The fossilized remains of this colossal creature were discovered in the Patagonia region of Argentina by a team led by Kenneth J. Lacovara, a paleontologist at Drexel University in Philadelphia. The Dreadnoughtus, which means "fear nothing," is the first of this species and most complete ever found of this group of dinosaurs known as titanosaurs.
“What we can say with certainty is this is the biggest land animal that we can actually put a number on,” Lacovara told the New York Times. “We’ve got 16 tons of bone in my lab right now.”
Just for comparison sake, the Dreadnoughtus’ more famous relative, the Brachiosaurus, weighed only 75,000 pounds — 37,000 pounds less than the newly discovered titanosaurs.
The Dreadnoughtus, a plant-eater, takes the championship belt for the largest dinosaur thanks in large part to the massive number of intact bones that researchers were able to unearth while excavating in Argentina.
While some scientists theorize that the Argentinosaurus, whose vertebrae along the backbone are larger than those of Dreadnoughtus, is the largest dinosaur ever, the number of crucial bones needed to properly estimate its mass still remain elusive. On the other hand, researchers were able to come across 45 percent of Dreadnoughtus’ bones, including the thigh bone, more than 6-feet tall, which allowed researchers to precisely calculate of how much the behemoth weighed and to conclude that if the dinosaur fell over it wasn’t getting back up.
“If you look at its really big ribs, there's no way they're going to withstand 65 tons of weight on top of them,” Lacovara told the Washington Post.“It would have been a catastrophic event in the life of a Dreadnoughtus if it fell over.”
Luckily for the big guy, its 37-foot long neck let the giant herbivore reach high treetops so it didn’t need to move around too much.

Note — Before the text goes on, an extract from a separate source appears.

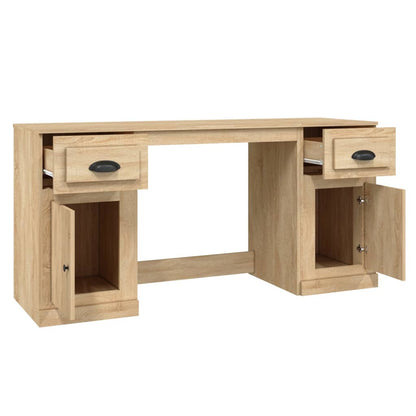 Desk with Cabinet Sonoma Oak Engineered Wood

A good thing because one needs to eat a lot to support a metabolism for a 130,000 pound creature.
“How do you come up with a body size that is so enormous when you're a terrestrial animal?” Luis Chiappe, director of the National History Museum of Los Angeles's Dinosaur Institute, told the Washington Post. “You need to have a structural design that allows you to support a body like that, and you have to be potentially adapted to eat 24 hours a day, nonstop, with a minimal amount of sleep.”
Researchers working on the dig in Argentina also added that the fossils discovered may not be from an especially large Dreadnoughtus, in fact it may have been just an adolescent and had yet not reached its full-grown size when it died, sometime between 84 million and 66 million years ago.
“With Dreadnoughtus, there's no indication that there was any cessation or slowing of growth [in the bones],” Lacovara said. “When it died at 65 tons, it was growing fast, which is kind of scary.”